Both the conjugate and bi-conjugate entry points are used. This code
and its callees consume circa 90% of the CPU time. If the inline
diagonal scaling preconditioner is used, KAP does an OK job of
parallelizing, but performance on an 8400 5/440 is alleged to be only
a bit better than R8000.
I have a couple of tacks that I can pursue on my own, but I'm wondering
about the prospects for plugging in a DXML solver. As near as I can
make out, the coefficient matrix has a bandwidth of 7, with the main
diagonal stored in AP (length 190488) and the smaller diagonals stored
in AMINUS and APLUS. So, something would need to be done to get the
coefficients into a form that DXML can deal with.
My questions are:
- does a DXML solution look feasible?
- do we have any idea what the parallel scaling would be like?
Thanks,
Chuck
SUBROUTINE SOLVER ! Entries <SOLVEB/SOLVEC>
C+++++++++++++++++++++++++++++++++++++++++++++++++++++++++++++++++++++++
C+ +
C+ Bi-conjugate-gradient solver <SOLVEB> +
C+ Conjugate-gradient solver <SOLVEC> +
C+ +
C+---------------------------------------------------------------------+
C+ +
C+ Preconditioner: +
C+ +
C+ METHOD = 1 Diagonal scaling (DS ) +
C+ METHOD = 2 Symmetric successive over-relaxation (SSOR) +
C+ METHOD = 3 Incomplete Chelosky LU decomposition (ICLU) +
C+ +
C+ Convergence criteria: +
C+ +
C+ ICON = 1 for absolute convergence +
C+ ICON =-1 for relative convergence +
C+ ICON = 2 for both +
C+ ICON =-2 for either +
C+ +
C+---------------------------------------------------------------------+
C+ => (WRK2.7) must NOT be used in this routine (ref.

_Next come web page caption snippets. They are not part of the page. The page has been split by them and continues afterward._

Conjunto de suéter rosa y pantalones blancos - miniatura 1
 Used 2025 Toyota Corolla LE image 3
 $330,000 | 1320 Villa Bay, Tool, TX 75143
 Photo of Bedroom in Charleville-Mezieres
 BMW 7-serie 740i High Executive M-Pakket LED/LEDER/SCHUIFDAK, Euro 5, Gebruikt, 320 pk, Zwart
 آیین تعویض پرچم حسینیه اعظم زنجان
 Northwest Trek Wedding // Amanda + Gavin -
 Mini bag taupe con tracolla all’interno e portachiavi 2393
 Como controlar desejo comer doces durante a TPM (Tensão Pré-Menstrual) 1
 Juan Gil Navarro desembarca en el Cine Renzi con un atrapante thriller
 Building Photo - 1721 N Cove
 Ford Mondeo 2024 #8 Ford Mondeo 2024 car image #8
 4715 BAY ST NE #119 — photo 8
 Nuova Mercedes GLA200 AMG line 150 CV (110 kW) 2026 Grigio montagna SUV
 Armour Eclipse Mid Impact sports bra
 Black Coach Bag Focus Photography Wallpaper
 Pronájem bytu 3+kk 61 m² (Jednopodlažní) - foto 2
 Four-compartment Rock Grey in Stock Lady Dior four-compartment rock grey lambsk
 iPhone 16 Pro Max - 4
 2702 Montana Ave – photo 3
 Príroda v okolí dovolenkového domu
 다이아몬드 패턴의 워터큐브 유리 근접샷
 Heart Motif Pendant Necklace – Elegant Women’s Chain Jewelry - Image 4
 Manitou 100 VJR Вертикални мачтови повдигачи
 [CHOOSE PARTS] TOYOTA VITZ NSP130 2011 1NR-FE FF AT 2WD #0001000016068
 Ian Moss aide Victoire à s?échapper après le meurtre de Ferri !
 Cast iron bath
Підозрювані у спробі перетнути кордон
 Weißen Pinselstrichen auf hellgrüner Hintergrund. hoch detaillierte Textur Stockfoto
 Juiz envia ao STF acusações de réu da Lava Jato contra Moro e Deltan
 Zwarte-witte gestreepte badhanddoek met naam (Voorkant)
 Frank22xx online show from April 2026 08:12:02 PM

CALCP) +
C+ => convergence tested via one-norm of the residual, rather +
C+ than the two-norm (Euclidean norm); which one is better? +
C+ => (XLU) should be equivalenced to something +
C+---------------------------------------------------------------------+
C+ Called by : CALCU , CALCE , CALCTE , CALCED , CALCY +
C+ CALCP +
C+ Calls : PSSOR , PICLU +
C+ : BSGI01 , BSGI02 , CSGI01 , CSGI02 +
C+---------------------------------------------------------------------+
C+ Modified on : Feb-22-93 +
C+++++++++++++++++++++++++++++++++++++++++++++++++++++++++++++++++++++++
INCLUDE 'cd00.h'
INCLUDE 'cd10.h'
INCLUDE 'parm.h'
INCLUDE 'cntl.h'
INCLUDE 'geom.h'
INCLUDE 'data.h'
INCLUDE 'work.h'
DIMENSION VAR(-NBM:NCM),SU(0:NCM),AP(0:NCM)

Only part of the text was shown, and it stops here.